Deep gorge cut by the meltwaters of the Lower Glacier

Grindlewald is surrounded by glaciers – though they have mostly retreated so far up the slopes that they could now be missed. The Glacier Gorge, or Gletscherschlucht is a steep-sided gorge left by the meltwaters of the lower glacier (Unterer Gletscher). When the glacier began to retreat in 1875, two enterprising brothers made its rocky and fissured route safe and accessible to tourists by means of wooden steps and boardwalks in and over the gorge. As the glacier withdrew more and more, the construction followed and today its length is 720m. 

Access to the walkways is easy – by car or bus from town. However, to make a day of it, you can walk to to top of the gorge via Pfinstegg and look down on it. This proved an excellent place for watching wallcreepers and wagtails, as well as a few other birds.

Marmorbruch is a restaurant at the site of an old marble quarry. Marble was extracted from the first half of 18th century until 1903 when the quarry was shut down due to foreign competition. There were still blocks of unpolished marble and some of the shafts remaining. The door frames of the rooms of the Upper House of the Federal Parliament in Berne are made of Grindelwald marble. It is a pleasant walk up from Grindelwald, with woodland and streams. Plenty of flowers and butterflies, and the birds included Orphean Warblers.

Upper Glacier

Go back to Pfinstegg and continue eastwards to the Upper Glacier (Oberer Gletscher). This was famous for being the glacier reaching the lowest altitude anywhere in the Alps. It has retreated considerably, beyond the point of the ice grotto and other attractions of the 1990s. The pictures in this article show the change between 1910 and 2000. I don’t know how much of the glacier is visible now from the track from Pfinstegg. This alternative trail should also give you a view of it from the east side.

Grosse Scheidegg

Grosse Scheidegg is the mountain pass to the north-east of Grindelwald. It is accessible by post bus, on foot or by bicycle. Following the postbus route on foot takes a good three hours – and that was walking fast to keep warm in the shadow of the Eiger and Wetterhorn. As with most destinations around Grindelwald, there is a hotel and cafe.
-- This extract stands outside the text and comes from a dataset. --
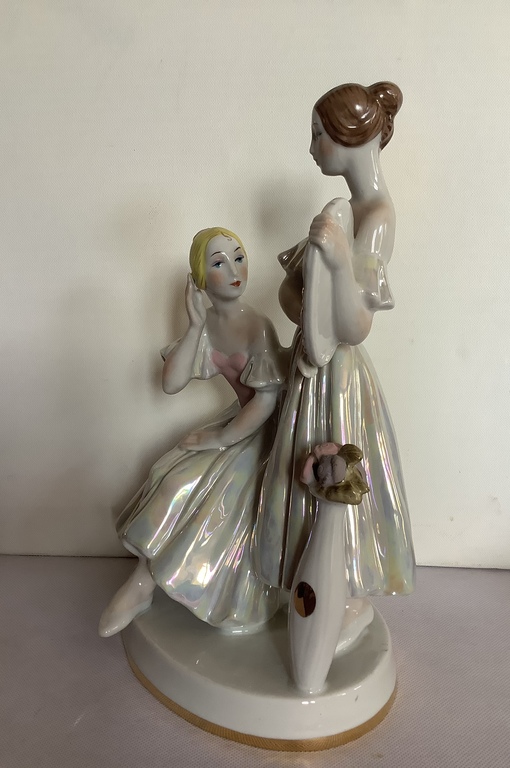 Ballerinas - In front of the mirror (Kyiv Experimental Ceramics and Art Factory) S. I. Dudenko, I. A. Nikiforenko, T. V. Dudenko
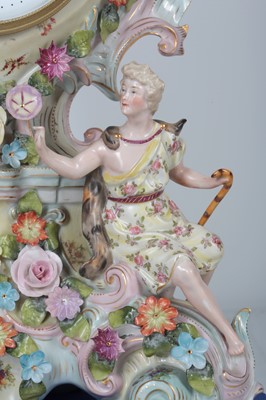 Lot 287 - AN EARLY CENTURY MEISSEN STYLE PORCELAIN...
Various events are held here, and the one I went to was a Bergfest. It was really a ploy to get tourists to spend a bit more on bus fares and refreshments. There was an accordion quartet (three squeeze-boxes and a base) and a yodelling choir with 13 voices.  A pleasant way to while away a few hours, and admire the local flowers and butterflies.
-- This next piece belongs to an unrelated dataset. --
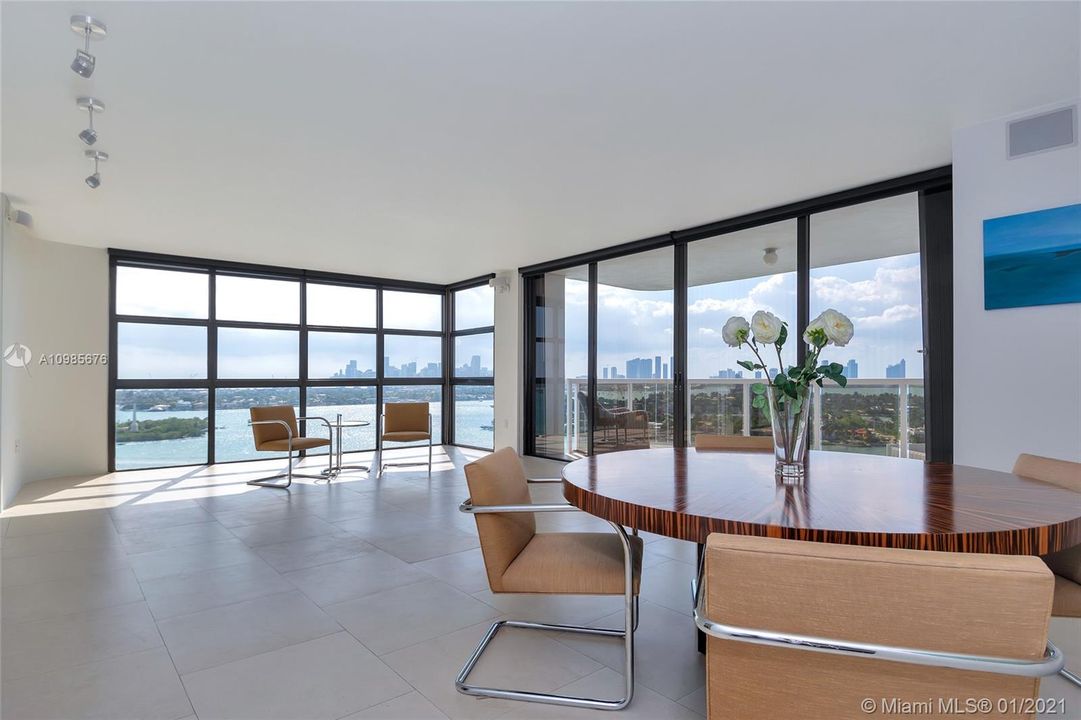Recently Sold: $1,350,000 (2 beds, 2 baths, 1778 Square Feet)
Yodelling choir at the Bergfest
Alpine Chough keeping an eye out for eagles

The best part was watching a flock of about a dozen Alpine chough, coming in like jackdaws to investigate anywhere people had just vacated in hope of finding a free meal. These birds are habituated to humans, and are often found around Alpine resorts. Studies have shown that while they make the most of whatever people leave behind, they are not dependent on this food source. Still, there is no need to share our unhealthy (for them) diet with them.

From Grosse Scheidegg you can take an easy hike along the paths from the cable-car station at First. Alternatively, continue north-eastwards on foot or by bus into the valley on the other side, eventually emerging at Meiringen and the road to Interlaken.

Looking across the valley from First in 1989 – left to right: – Wetterhorn – the Upper Glacier – Schreckhorn – Lower Glacier – the Eiger


First means ridge, and this ridge to the north of Grindelwald offers a spectacular overlook across the village and valley. It’s a place for thrill-seekers – weather permitting. The easiest thrill is walking out on the First Cliff Walk which leads along the rock face to a viewing platform – but there is nothing between you and a long drop down into the valley.

Then there is the First Flieger – an 800m zip cable-type ‘flight’ to the station below First. The First Glider isn’t quite so fast. The First Mountain Cart is a longer ground-based ride. The First Trotti Bike . . . . . . well, I’m sure you get the idea.

I’ll stick with hiking. There is a panoramic trail eastwards to Grosse Scheidegg, or westward to Bachalpsee and Faulhorn – this being quite spectacular. From Faulhorn it’s a long way down (1600m) back to Grindelwald, and by the time I got there, my knees were wishing I’d taken a bus or cable car at least part of the way.

An unexpected sight at a farm on the way down from Faulhorn

So there you have it

My recommendations for getting the best nature-watching experiences during a summer trip to Grindelwald in the Bernese Oberland and how to watch wildlife under the Eiger and Jungfrau. At least the weather here was better than the previous ten days of watching wildlife under the Matterhorn. Next time, I know I’ll see changes, particularly in extent of the glaciers. And I’ll aim to do the train ride up to the Eigerwand and Jungfraujoch – to the restaurant at the top of the world.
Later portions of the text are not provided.